(Saved data entries)
------------------------------------------------------------------------
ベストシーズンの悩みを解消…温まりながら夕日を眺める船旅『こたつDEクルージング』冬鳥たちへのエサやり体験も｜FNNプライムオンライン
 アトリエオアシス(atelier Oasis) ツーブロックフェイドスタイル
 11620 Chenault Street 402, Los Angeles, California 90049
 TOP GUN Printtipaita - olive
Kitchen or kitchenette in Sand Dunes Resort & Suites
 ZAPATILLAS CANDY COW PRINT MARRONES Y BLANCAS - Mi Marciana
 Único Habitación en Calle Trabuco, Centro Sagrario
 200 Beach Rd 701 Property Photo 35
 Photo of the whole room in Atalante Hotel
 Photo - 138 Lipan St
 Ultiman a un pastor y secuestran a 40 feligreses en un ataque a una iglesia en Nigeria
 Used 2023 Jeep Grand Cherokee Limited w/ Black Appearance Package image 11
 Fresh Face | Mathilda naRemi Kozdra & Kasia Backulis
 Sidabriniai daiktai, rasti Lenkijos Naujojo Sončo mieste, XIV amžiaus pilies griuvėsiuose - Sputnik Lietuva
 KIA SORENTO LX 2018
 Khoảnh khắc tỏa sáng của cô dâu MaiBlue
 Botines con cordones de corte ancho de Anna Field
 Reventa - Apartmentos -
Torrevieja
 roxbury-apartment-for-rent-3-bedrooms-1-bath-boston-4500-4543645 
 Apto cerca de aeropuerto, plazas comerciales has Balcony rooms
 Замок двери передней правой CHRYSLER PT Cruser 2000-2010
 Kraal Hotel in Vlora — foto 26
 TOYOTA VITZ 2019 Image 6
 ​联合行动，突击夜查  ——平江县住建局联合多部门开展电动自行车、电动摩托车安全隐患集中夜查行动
------------------------------------------------------------------------
● TASK DESCRIPTION
Copy exactly the lines from the one containing "Photo of the whole room in Atalante Hotel" through the last line of the records, both included, and nothing else.

● SOLVED PROBLEM
 Photo of the whole room in Atalante Hotel
 Photo - 138 Lipan St
 Ultiman a un pastor y secuestran a 40 feligreses en un ataque a una iglesia en Nigeria
 Used 2023 Jeep Grand Cherokee Limited w/ Black Appearance Package image 11
 Fresh Face | Mathilda naRemi Kozdra & Kasia Backulis
 Sidabriniai daiktai, rasti Lenkijos Naujojo Sončo mieste, XIV amžiaus pilies griuvėsiuose - Sputnik Lietuva
 KIA SORENTO LX 2018
 Khoảnh khắc tỏa sáng của cô dâu MaiBlue
 Botines con cordones de corte ancho de Anna Field
 Reventa - Apartmentos -
Torrevieja
 roxbury-apartment-for-rent-3-bedrooms-1-bath-boston-4500-4543645 
 Apto cerca de aeropuerto, plazas comerciales has Balcony rooms
 Замок двери передней правой CHRYSLER PT Cruser 2000-2010
 Kraal Hotel in Vlora — foto 26
 TOYOTA VITZ 2019 Image 6
 ​联合行动，突击夜查  ——平江县住建局联合多部门开展电动自行车、电动摩托车安全隐患集中夜查行动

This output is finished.